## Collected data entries
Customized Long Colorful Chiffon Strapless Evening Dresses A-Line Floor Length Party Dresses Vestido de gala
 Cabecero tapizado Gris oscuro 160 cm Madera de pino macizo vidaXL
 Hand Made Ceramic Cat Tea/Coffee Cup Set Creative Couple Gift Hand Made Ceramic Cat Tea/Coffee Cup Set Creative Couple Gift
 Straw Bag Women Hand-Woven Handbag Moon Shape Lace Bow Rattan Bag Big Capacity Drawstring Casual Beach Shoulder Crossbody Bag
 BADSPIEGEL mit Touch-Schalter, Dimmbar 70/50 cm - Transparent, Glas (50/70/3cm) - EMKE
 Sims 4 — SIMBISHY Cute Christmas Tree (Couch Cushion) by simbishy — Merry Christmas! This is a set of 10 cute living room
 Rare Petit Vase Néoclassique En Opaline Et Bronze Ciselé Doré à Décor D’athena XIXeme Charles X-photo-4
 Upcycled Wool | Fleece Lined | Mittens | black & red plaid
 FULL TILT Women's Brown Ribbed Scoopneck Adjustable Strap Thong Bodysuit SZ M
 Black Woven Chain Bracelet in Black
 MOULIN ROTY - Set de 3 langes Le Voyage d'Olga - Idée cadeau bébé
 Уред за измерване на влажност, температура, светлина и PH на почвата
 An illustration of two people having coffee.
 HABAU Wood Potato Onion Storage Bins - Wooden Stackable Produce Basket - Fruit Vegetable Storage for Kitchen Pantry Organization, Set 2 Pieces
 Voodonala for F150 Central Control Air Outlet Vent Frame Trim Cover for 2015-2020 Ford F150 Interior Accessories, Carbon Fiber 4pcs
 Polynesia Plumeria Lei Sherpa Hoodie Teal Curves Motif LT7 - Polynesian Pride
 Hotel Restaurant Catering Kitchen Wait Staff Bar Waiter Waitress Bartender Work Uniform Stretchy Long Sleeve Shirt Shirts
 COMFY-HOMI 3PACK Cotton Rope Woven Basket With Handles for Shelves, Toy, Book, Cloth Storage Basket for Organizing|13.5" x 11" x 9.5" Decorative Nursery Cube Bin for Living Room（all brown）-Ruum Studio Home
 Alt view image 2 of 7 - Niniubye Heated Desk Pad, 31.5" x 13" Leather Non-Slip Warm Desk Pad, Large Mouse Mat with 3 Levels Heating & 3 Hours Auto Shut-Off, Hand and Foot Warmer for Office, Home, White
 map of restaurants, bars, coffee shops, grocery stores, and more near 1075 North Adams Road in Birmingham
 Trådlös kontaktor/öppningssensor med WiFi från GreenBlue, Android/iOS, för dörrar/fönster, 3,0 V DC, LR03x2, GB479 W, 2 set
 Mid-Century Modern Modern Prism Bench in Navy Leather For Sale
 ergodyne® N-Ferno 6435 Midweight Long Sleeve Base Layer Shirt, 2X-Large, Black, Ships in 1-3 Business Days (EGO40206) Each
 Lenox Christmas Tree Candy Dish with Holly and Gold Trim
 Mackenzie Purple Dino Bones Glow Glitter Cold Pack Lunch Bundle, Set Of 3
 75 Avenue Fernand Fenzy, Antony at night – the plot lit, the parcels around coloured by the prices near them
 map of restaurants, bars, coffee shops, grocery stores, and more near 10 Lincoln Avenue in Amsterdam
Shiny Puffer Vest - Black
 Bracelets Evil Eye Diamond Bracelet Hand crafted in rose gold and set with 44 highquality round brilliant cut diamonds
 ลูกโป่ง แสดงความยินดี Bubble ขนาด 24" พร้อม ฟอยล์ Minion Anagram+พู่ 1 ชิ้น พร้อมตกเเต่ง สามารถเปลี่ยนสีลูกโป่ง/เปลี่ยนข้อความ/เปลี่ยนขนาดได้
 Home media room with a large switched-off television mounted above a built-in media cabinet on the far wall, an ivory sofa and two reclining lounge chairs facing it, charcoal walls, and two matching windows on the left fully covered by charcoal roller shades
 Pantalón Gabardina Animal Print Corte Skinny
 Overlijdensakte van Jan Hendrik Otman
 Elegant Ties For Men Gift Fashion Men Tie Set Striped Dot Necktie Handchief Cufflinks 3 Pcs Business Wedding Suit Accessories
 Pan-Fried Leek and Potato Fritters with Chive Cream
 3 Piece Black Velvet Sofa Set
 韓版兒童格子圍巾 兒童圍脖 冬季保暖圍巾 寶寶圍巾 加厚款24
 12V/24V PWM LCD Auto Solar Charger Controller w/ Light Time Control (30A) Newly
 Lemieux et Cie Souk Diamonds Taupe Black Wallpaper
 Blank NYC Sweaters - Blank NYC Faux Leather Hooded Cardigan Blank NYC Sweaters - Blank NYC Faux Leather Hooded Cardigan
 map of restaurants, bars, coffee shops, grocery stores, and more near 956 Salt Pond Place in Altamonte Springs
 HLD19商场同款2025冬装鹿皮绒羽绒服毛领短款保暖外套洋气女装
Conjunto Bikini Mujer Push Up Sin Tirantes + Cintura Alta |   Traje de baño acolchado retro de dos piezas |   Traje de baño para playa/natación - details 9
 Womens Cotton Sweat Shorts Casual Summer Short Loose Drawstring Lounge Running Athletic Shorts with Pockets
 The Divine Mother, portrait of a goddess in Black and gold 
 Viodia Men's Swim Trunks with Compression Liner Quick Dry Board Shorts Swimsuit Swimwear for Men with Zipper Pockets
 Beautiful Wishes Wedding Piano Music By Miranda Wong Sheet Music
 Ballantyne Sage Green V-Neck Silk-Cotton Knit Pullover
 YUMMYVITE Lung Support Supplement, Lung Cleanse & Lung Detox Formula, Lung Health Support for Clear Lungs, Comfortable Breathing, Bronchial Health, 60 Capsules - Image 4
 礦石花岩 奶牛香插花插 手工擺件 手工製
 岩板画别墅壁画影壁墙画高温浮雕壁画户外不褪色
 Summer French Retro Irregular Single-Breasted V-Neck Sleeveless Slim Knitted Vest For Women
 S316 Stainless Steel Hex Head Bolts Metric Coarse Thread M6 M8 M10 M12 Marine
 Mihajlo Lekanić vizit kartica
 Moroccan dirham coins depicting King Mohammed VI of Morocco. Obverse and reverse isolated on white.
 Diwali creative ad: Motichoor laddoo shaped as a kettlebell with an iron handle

## ACTION ITEM
Exactly the lines from the one containing "Moroccan dirham coins" through the end of the records above are to be printed, and no others.

## ANSWER TO THE EXERCISE
 Moroccan dirham coins depicting King Mohammed VI of Morocco. Obverse and reverse isolated on white.
 Diwali creative ad: Motichoor laddoo shaped as a kettlebell with an iron handle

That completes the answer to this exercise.